Ancient Rome and Modern China: Religious Persecution and Plagues

A seventeen-year-old girl with incurable cancer in her hip turned to hypnotherapy when nothing else helped. Her life was then traced back to a previous life in a noble family during the ancient Roman Empire.

Under the reign of Emperor Nero, Christians were ruthlessly persecuted, including being thrown into an arena to fight lions. The girl watched the fight for fun together with tens of thousands of people in the arena. She couldn’t help laughing when a young Christian girl was torn apart by lions. Her enjoyment at the expense of another’s life accrued karma for her, and the karma followed her through her reincarnation and caused the cancer and resulting pain that she was suffering in this lifetime.

This story was documented in Edgar Cayce’s Story Of Karma. Considered “the father of holistic medicine” by the Journal of the American Medical Association, Cayce studied over 1,000 people about the association between their wrongdoings in their previous life cycles and their suffering in this lifetime.

Ancient Rome: Religious Persecution and Plagues

The girl’s story is one of the several cases related to Nero in Cayce’s hypnotherapy. Notorious for religious persecution, Nero started the Great Fire of Rome in 64 AD and blamed Christians for arson. He went on to persecute Christians, including feeding them to beasts in the arena as mentioned above.

“In their very deaths they were made the subjects of sport: for they were covered with the hides of wild beasts, and worried to death by dogs, or nailed to crosses, or set fire to, and when the day waned, burned to serve for the evening lights,” wrote historian Tacitus in Annals.

Nero was the one who gave the order to have Christians killed. Many ordinary citizens, like the 17-year-old girl in her previous life, may not have directly persecuted Christians in person, but their inaction made them unfortunate accessories to the crime, as they did not step forward to stop the crime and their connivance and participation enabled the persecution to go on.

Several other emperors besides Nero had also suppressed Christians in ancient Rome. The general public again didn’t rise to stop the persecution, and their inaction was followed by several major plagues that claimed many lives. People then awakened and began to reflect on the cruelty against Christians, as well as the general moral decay of society.

In 680, Roman citizens carried the bones of Saint Sebastian (AD 256 – 288, killed during the persecution by Diocletian) and went through the streets. As people repented their wrongdoings, the plagues miraculously vanished in Rome.

Modern China: Persecution of Falun Gong and Epidemic

In modern China, the persecution of Falun Gong has been going on for twenty-one years.

Falun Gong, also known as Falun Dafa, is a mind-body practice based on the principles of Truthfulness-Compassion-Forbearance. After its introduction to the public in 1992, it quickly drew many people to its profound principles and health-improving benefits.

The Chinese Communist Party (CCP), which thrives on an ideology of class struggle, violence, and lies, deemed Falun Gong a threat as the practice’s popularity soared.

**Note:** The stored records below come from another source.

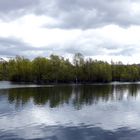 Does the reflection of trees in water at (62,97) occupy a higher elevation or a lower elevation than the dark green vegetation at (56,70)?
lower

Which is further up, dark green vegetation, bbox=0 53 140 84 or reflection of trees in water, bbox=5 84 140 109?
dark green vegetation, bbox=0 53 140 84

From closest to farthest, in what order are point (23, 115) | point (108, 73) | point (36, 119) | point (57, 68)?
point (36, 119)
point (23, 115)
point (57, 68)
point (108, 73)

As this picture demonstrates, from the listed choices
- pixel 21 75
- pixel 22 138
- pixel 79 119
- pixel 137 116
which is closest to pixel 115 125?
pixel 79 119

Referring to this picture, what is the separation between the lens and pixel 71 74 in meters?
163

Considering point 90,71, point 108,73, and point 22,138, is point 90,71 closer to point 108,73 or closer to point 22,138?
point 108,73

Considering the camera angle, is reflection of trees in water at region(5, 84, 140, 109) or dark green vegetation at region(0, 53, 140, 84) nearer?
reflection of trees in water at region(5, 84, 140, 109)

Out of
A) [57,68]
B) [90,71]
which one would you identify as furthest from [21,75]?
[90,71]

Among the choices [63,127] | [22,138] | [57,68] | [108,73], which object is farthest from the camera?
[108,73]

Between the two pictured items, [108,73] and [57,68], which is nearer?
[57,68]

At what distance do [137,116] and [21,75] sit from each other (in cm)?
13413

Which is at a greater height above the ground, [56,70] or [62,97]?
[56,70]

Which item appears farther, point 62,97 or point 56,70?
point 56,70

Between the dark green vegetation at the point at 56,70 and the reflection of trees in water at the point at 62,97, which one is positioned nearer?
the reflection of trees in water at the point at 62,97

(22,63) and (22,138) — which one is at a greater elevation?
(22,63) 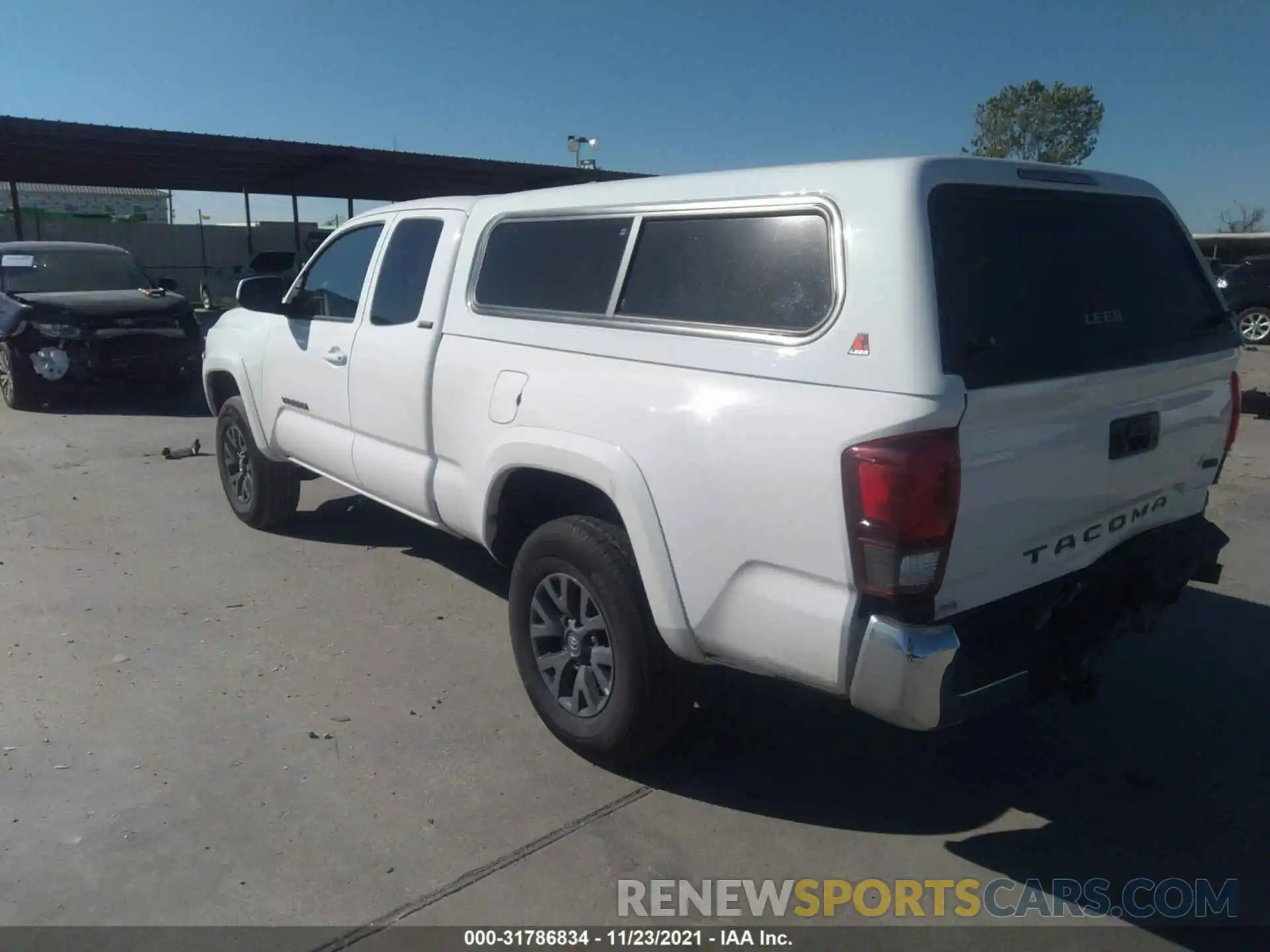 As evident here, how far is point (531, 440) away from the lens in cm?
364

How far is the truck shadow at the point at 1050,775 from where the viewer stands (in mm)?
3152

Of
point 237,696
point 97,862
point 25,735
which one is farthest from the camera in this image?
point 237,696

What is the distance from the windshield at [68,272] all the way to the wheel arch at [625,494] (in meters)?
9.71

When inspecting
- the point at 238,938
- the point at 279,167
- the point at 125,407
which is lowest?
the point at 238,938

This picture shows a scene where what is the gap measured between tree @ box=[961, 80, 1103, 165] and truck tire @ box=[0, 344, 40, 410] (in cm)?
4573

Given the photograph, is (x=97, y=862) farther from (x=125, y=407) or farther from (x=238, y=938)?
(x=125, y=407)

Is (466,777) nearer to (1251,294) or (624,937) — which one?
(624,937)

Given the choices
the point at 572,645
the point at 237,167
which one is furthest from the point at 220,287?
the point at 572,645

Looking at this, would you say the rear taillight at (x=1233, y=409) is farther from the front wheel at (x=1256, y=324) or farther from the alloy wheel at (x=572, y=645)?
the front wheel at (x=1256, y=324)

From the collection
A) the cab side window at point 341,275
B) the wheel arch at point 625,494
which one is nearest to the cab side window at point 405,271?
the cab side window at point 341,275

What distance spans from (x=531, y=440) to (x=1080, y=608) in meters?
1.95

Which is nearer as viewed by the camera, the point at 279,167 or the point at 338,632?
the point at 338,632

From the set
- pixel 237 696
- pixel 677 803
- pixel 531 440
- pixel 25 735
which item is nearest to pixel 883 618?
pixel 677 803

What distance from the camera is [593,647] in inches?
141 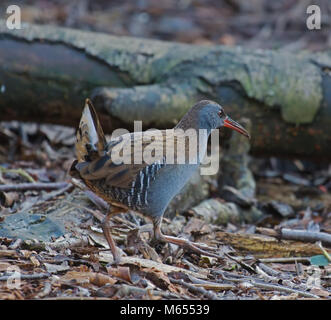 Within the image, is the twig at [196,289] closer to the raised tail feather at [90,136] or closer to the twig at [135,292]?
the twig at [135,292]

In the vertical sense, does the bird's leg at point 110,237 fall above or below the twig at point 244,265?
above

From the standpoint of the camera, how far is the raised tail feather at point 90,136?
3.76m

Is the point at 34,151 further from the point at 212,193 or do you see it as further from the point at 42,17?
the point at 42,17

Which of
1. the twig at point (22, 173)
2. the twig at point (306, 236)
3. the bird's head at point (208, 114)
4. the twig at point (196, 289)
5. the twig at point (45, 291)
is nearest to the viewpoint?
the twig at point (45, 291)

Jiang Zemin, then the CCP’s top leader, launched a nationwide campaign against the practice in July 1999. Since then many Falun Gong practitioners have been detained, imprisoned, and tortured for their belief. Some also suffered from psychiatric abuse and forced organ harvesting.

Like the persecution during the Nero era, the suppression of Falun Gong has also been carried out with cruelty, terror, and massive propaganda, as documented on Minghui.org. As a result of the 21-year-long propaganda campaign against Falun Gong, many Chinese people have been brainwashed to believe in the CCP’s lies and turned against Falun Gong practitioners and the principles of Truthfulness-Compassion-Forbearance.

While ancient Rome was hit with one plague after another amid its persecution of Christians, modern China was hit with the coronavirus epidemic amid its persecution of Falun Gong.

The disease first broke out in Wuhan, a place notorious for its role in the persecution of Falun Gong. When Jiang first decided to suppress Falun Gong in 1999, he met with resistance from top communist leaders, including other members of the Politburo.

Zhao Zhizhen, director of Wuhan Television Station, however, acted on Jiang’s order. Zhao dispatched a crew to Changchun in Jilin Province, the hometown of Mr. Li Hongzhi, founder of Falun Gong, and filmed a 6-hour video that defamed Falun Gong and its founder.

This video was played among top communist leaders and later throughout all of China in the news media, including the state-owned China Central Television. Countless other videos were produced over the next 21 years to demonize Falun Gong and its practitioners.

As many people turned a blind eye to or even aided in the persecution of Falun Gong due to self-interest, they have unknowingly become accessories to the CCP’s crime against humanity and freedom of belief.

When people in ancient Rome repented their wrongdoings and stopped the persecution of Christians, plagues disappeared miraculously. As the coronavirus pandemic is still endangering China, we may want to take a cue from ancient Rome and reflect on our attitude towards the CCP’s persecution of Falun Gong.

It is time to distance ourselves from the CCP and say no to the persecution of Falun Gong, so as to steer clear of the pandemic.